Research Papers: Hydrodynamic Lubrication

Metamodel-Assisted Optimization of Connecting Rod Big-End Bearings

[+] Author and Article Information
Bernard Villechaise

IUT Angoulême,
Institut PPRIME–UPR 3346,
Department Génie Mécanique et Systèmes Complexes,
Angoulême, 16021, France

Contributed by the Tribology Division of ASME for publication in the JOURNAL OF TRIBOLOGY. Manuscript received November 25, 2012; final manuscript received May 2, 2013; published online June 24, 2013. Assoc. Editor: Daniel Nélias.

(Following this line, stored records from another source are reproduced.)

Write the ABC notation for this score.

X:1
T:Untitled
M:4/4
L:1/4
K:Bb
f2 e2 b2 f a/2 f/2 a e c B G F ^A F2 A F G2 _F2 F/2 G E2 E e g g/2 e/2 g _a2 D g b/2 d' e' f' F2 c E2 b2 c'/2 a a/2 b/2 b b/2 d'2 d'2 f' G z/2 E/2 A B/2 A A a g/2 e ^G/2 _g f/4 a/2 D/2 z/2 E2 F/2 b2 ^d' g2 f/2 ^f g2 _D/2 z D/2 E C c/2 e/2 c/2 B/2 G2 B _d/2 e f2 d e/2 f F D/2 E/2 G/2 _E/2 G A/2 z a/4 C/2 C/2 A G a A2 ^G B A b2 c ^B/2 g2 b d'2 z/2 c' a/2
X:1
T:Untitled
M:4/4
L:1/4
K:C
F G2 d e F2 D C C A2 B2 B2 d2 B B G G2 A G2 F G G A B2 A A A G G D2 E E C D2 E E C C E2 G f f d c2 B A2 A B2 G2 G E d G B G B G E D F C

J. Tribol 135(4), 041704 (Jun 24, 2013) (10 pages) Paper No: TRIB-12-1214; doi: 10.1115/1.4024555 History: Received November 25, 2012; Revised May 02, 2013

From a very general point of view, optimization involves numerous calculations and therefore a high computational cost. In the fields where a single calculation is long and the optimization is crucial, specific techniques, devoted to this task, have been developed. First, the surrogate-based models are introduced and a short review of optimization in tribology is presented. The aim of the present work is to combine both. To demonstrate the power of the methodology on a lubricated bearing, the theoretical background is first outlined. Then, the two aforementioned processes are described: the construction of the surrogate, based on the Finite Element Method well-chosen computations, and the Multiobjective Optimization, thanks to a Nondominated Sorting Genetic Algorithm. Both are utilized on a connecting rod big-end bearing. As a result, the power loss and the functioning severity are simultaneously minimized upon a set of ten input parameters. The user is then provided with simple analytical expressions of the input variables, for which the bearing behavior is optimal.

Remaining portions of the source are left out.